Jennie mendesis. Luka di bibirnya terasa amat perih. Gadis itu menelan ludah sebelum kembali menempelkan kapas berisi cairan antiseptik ke bibir. Erangan kecil sontak menggema karena rasa pedih kembali datang. Jennie mendesah pelan. Matanya terpejam lantas membuang napas panjang.
"Eomma ... kenapa ini sakit sekali?" Dahi gadis itu ditempelkan pada ujung meja. Ia menyerah. Merasa lelah akan semua hal yang diterimanya. "Aku ingin menyusul Eomma saja jika sudah begini." Gadis itu mengubah posisi kepala. Meletakkan lengan di atas meja sebagai bantal. Matanya terarah pada bagian luar kaca. Salju tengah turun saat ini.
"Shumon," ujar Jennie lagi. Dia mendengkus sembari menegapkan badan. Mengambil kaleng minuman di sisi lain meja lantas meminumnya dalam sekali tenggak. "Hah, aku lebih senang memanggilmu yeobo daripada Shumon. Panggilan aneh macam apa itu?"
Hik ... Jennie cegukan. Wajahnya mulai memerah. Gadis itu mengambil kaleng lain dari atas meja. Dia membuka tutup kaleng tersebut lalu sedikit menyesap isinya.

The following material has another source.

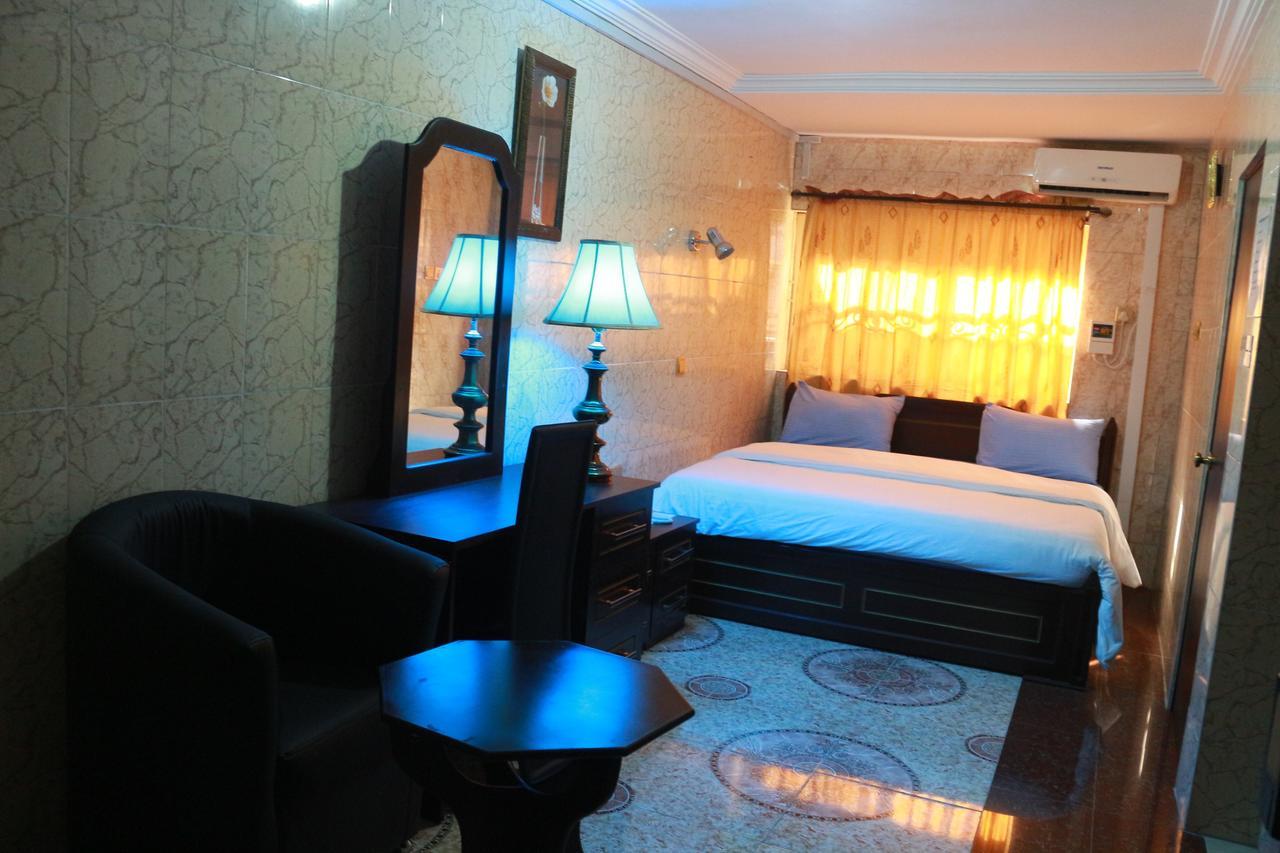 Cute Villa Hotel And Suites Uyo Buitenkant foto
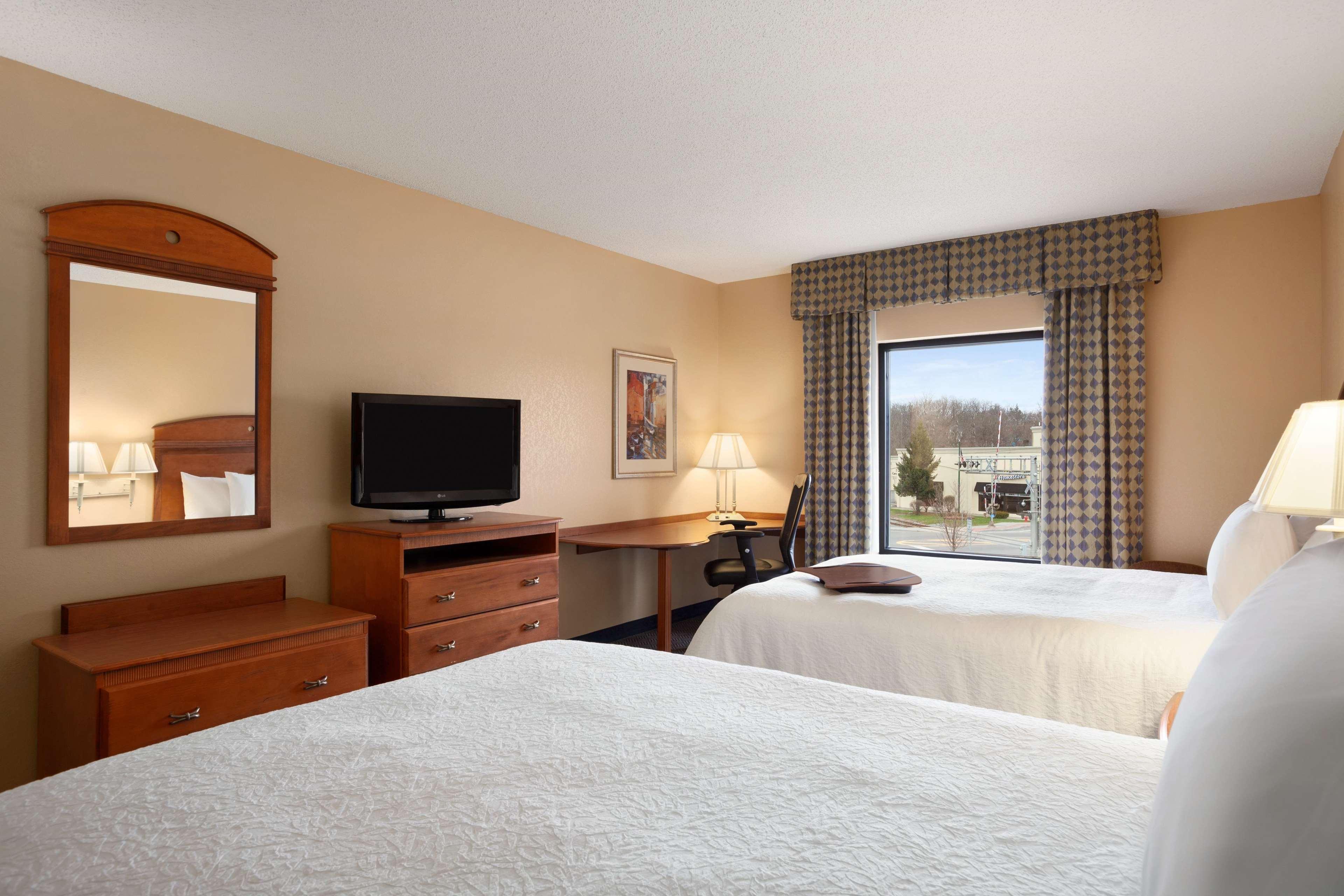 Hampton Inn Geneva Ngoại thất bức ảnh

Jennie mengernyit. Itu merupakan kali ketiga Jennie meminum minuman serupa hari ini. "Kenapa teh ini rasanya pahit sekali?" Walau begitu dia tetap menelan habis sisa air di dalam kaleng. Jennie tersenyum senang. Rasa perih yang ada di bibirnya sudah hilang entah ke mana. Menyisakan perasaan bebas yang membuat Jennie merasa tenang. Gadis itu cegukan sekali lagi. Dia mulai meracau tak tentu arah.
"Jisoo-ya ... saranghaeyo," lirih Jennie begitu pelan. Gadis itu menatap kursi kosong di seberang dengan padangan sayu. Ia tersenyum lebar ketika bayangan Jisoo tiba-tiba mengisi kekosongan itu. Jemari Jennie bergerak ke depan. Berusaha mengusap wajah Jisoo sebelum akhirnya memilih menjatuhkan kepala ke meja. "Tapi kau tidak nyata! Kau sedang tidur berdua dengan gadis menyebalkan itu! Kau ... tidak ada di sini."
Ponsel Jennie berdering tidak lama setelahnya. Ia kembali mendengkus seraya melihat siapa yang menelepon. "Yoboseyooo?" sapa Jennie ketika sambungan terhubung. Suara gadis itu begitu manja. Dia menelepon masih dengan posisi yang sama. Wajah menghadap kaca sembari kepala ditidurkan di atas meja.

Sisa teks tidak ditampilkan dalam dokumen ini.